La neuvième édition du Toronto International Electroacoustic Symposium était présentée en août 2015 et accueillait Nicolas Collins à titre de conférencier. Des participants venus de partout au Canada et dans le monde y ont présenté leurs travaux sur des thèmes aussi variés que la création algorithmique, la pédagogie, le multimédia, la participation à une activité musicale (musicking), le tout accompagné d’installations et de performances.

Les pratiques multimédias et le corps dans la performance

La question des pratiques multimédias était un thème récurrent à cette édition du symposium, alors que les travaux de plusieurs des invités témoignaient de la convergence du son et de l’image, du son et de la sculpture ou du son et du corps.

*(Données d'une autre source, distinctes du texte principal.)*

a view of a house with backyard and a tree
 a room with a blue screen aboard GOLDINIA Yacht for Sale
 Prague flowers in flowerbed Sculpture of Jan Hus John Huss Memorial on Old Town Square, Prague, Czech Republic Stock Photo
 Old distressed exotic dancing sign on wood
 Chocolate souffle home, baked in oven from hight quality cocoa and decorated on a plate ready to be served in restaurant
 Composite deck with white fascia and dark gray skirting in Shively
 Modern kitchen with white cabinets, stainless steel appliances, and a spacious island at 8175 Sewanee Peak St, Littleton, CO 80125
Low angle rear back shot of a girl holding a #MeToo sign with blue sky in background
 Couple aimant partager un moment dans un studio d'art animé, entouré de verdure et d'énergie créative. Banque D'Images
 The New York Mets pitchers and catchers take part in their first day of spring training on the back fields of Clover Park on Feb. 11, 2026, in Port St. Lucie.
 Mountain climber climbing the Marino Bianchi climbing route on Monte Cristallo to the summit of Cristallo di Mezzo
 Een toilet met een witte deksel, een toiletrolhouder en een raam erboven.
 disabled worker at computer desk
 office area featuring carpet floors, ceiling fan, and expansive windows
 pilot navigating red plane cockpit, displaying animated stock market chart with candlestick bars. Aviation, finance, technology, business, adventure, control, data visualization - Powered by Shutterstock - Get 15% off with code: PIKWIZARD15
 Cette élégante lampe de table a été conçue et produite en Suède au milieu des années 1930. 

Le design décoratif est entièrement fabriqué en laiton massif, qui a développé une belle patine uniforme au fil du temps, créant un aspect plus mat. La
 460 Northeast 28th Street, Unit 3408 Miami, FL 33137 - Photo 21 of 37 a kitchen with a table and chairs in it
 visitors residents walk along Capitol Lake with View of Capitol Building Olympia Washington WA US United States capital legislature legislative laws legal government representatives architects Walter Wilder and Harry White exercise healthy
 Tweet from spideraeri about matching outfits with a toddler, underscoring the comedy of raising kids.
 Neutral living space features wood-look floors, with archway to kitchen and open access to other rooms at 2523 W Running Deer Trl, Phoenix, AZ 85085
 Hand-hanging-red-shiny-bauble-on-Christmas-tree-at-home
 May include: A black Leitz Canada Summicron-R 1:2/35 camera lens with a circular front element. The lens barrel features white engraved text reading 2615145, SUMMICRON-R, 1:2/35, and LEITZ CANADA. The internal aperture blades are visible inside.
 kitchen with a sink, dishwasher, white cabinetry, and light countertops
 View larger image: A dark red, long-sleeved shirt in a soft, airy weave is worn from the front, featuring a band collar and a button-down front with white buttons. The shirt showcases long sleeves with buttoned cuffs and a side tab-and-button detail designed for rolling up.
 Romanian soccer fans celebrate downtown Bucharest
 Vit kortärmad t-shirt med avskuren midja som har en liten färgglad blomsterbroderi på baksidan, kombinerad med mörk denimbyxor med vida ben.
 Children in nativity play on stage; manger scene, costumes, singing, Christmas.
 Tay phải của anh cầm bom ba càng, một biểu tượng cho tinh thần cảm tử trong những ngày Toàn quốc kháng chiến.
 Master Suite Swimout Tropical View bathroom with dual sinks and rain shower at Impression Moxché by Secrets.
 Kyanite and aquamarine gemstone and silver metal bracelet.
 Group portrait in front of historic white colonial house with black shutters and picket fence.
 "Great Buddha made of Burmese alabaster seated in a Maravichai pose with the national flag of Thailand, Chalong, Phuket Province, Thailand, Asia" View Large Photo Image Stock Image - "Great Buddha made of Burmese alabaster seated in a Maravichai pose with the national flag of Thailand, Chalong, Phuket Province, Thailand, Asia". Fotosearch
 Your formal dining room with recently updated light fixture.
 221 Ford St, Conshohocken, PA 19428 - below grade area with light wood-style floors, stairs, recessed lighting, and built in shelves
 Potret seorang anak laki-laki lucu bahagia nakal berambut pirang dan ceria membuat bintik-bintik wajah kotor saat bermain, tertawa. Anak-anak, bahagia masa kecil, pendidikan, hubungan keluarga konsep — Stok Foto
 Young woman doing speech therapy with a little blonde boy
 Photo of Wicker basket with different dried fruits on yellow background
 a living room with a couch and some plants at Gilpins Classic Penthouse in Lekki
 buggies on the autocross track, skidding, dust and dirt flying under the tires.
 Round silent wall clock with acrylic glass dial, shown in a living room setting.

Bien que l’exploration des nouvelles possibilités et perspectives résultant de telles combinaisons offre un cadre de travail riche, fertile et inspirant, la question de l’appellation élargie et inclusive « électroacoustique » et ce qu’elle englobe comme pratiques de plus en plus nombreuses et divergentes devient de plus en plus problématique.

Le travail de Ben Pott s’inspire des premières pratiques de « sculpture acoustique », Peter Bosch et Simone Simons créent des « machines à musique », Ryan Olivier parle de pratiques « intermédias » et Brian Garbet propose le concept de « musique documentaire ». James O’Callaghan nous offre un lexique terminologique dans « Cross-Media Transcription as Composition », où il est question de « [brouiller] la distinction entre arrangement, transcription et composition », de traduction ou d’imitation entre les médias et de pollinisation croisée entre les médias acoustique et électroacoustique. Invoquant les œuvres des compositeurs canadiens Philippe Leroux, Robert Normandeau et Gordon Fitzell, il contextualise sa propre pratique consistant à utiliser les caractéristiques et les structures formelles d’une œuvre comme modèle pour une autre œuvre dans un autre média. Les rapports entre les œuvres sont toutefois assez complexes pour qu’il ne soit « pas possible de décrire l’une comme le modèle de l’autre » dans un autre média. Afin de « remettre en question et brouiller la distinction entre son et sculpture », Ben Nigel Potts a réalisé une performance multicanal en direct qui utilise le son « pour changer ou mettre en action un espace de manière nouvelle et unique ». Il étoffe son propos dans un article intitulé « A Dialogue Between the Seen and the Heard : The use of sound as a sculptural material and sculpture as a sound instrument in ‘Cuboid’ » qui s’appuie aussi sur des pratiques historiques telles que les sculptures acoustiques de Michael Brewster (que l’artiste lui-même appelle aussi « dessins sonores »).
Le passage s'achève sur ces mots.